Blood Diamond prétend dans le même mouvement offrir de l’action pétaradante à gros effets et marteler un message humanitaire agrémenté d’un portrait de cynique à deux francs. Le Dernier Roi d’Écosse court après un instantané implacable de la dictature, mais finit par sombrer dans la complaisance de sa recherche de réalisme. Si Au nom de la la liberté s’avère moins odieusement opportuniste et hypocrite que ses prédécesseurs (malgré son titre original, Catch a Fire, complaisamment emprunté à Bob Marley), c’est parce qu’il a la sagesse de se retrancher, la plupart du temps, derrière une pure mécanique de film à suspense, qui aurait pu finalement se situer dans tout autre contexte, quitte à être un remake du Fugitif. Le film n’a pas grand-chose à dire, et il l’assume, reconnaissons-lui cela. Non pas que Noyce soit une lumière du film de genre : son efficacité primaire tire certes quelques bonnes scènes (l’assaut sur le QG de l’ANC), mais ne se départit pas de quelques scories (une scène d’entraînement tournée en mode gratuitement pseudo-documentaire). Ses tentatives d’instaurer un trouble psychologique dans l’affrontement entre barbouze et rebelle tombent généralement à l’eau, souvent sabotées par le jeu m’as-tu-vu d’un Tim Robbins surjouant la douceur menaçante. Mais on peut le créditer d’une certaine honnêteté de faiseur : contrairement à Edward Zwick ou à Kevin Macdonald, il ne s’érige pas en voix de la conscience de l’hémisphère nord.

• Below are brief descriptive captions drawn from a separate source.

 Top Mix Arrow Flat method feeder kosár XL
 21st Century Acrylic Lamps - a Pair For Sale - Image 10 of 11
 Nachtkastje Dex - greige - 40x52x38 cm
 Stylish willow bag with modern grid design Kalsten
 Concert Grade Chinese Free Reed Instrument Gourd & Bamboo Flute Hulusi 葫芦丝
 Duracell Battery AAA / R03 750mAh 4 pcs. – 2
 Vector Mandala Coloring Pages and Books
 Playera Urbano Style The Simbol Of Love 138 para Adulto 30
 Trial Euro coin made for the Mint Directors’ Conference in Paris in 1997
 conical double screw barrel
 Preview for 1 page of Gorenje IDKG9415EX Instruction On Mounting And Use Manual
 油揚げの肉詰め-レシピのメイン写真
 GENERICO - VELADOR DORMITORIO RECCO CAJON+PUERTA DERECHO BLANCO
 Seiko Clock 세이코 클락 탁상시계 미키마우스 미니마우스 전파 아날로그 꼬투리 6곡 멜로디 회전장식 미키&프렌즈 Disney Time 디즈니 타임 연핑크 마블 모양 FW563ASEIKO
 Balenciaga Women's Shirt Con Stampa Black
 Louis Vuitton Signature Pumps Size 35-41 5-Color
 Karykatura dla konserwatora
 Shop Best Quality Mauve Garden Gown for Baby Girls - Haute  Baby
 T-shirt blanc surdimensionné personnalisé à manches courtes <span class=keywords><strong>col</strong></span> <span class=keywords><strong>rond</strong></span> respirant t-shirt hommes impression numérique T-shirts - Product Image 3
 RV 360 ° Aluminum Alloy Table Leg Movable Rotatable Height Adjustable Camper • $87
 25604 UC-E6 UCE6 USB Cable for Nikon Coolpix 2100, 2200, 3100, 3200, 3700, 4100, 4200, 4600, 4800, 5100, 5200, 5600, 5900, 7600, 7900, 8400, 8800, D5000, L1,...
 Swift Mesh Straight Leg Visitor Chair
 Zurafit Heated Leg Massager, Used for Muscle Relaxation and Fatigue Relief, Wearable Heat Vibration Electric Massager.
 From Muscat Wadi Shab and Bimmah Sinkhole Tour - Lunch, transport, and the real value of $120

« Tardive déclaration d’intentions »
Au nom de la liberté pourrait ainsi n’apparaître que comme un divertissement pas plus malhonnête qu’un autre, s’il ne commettait dans ses dernières minutes un faux-pas regrettable. Comme si les créateurs du film se rappelaient soudain qu’ils n’étaient pas là pour rigoler, on nous expédie à la sauvette une conclusion moraliste sur la nécessité de la réconciliation entre les ennemis d’hier. Un prêche d’autant plus incongru qu’il s’avère totalement déconnecté du reste du métrage en forme de divertissement calibré avec arrière-plan historique. Par cette tardive déclaration d’intentions dont il s’était consciencieusement délesté jusqu’alors, le film, qui aurait pu se clore tranquillement et sans faire de bruit, n’offre in fine que l’agacement inspiré par les occasions manquées et les promesses non tenues.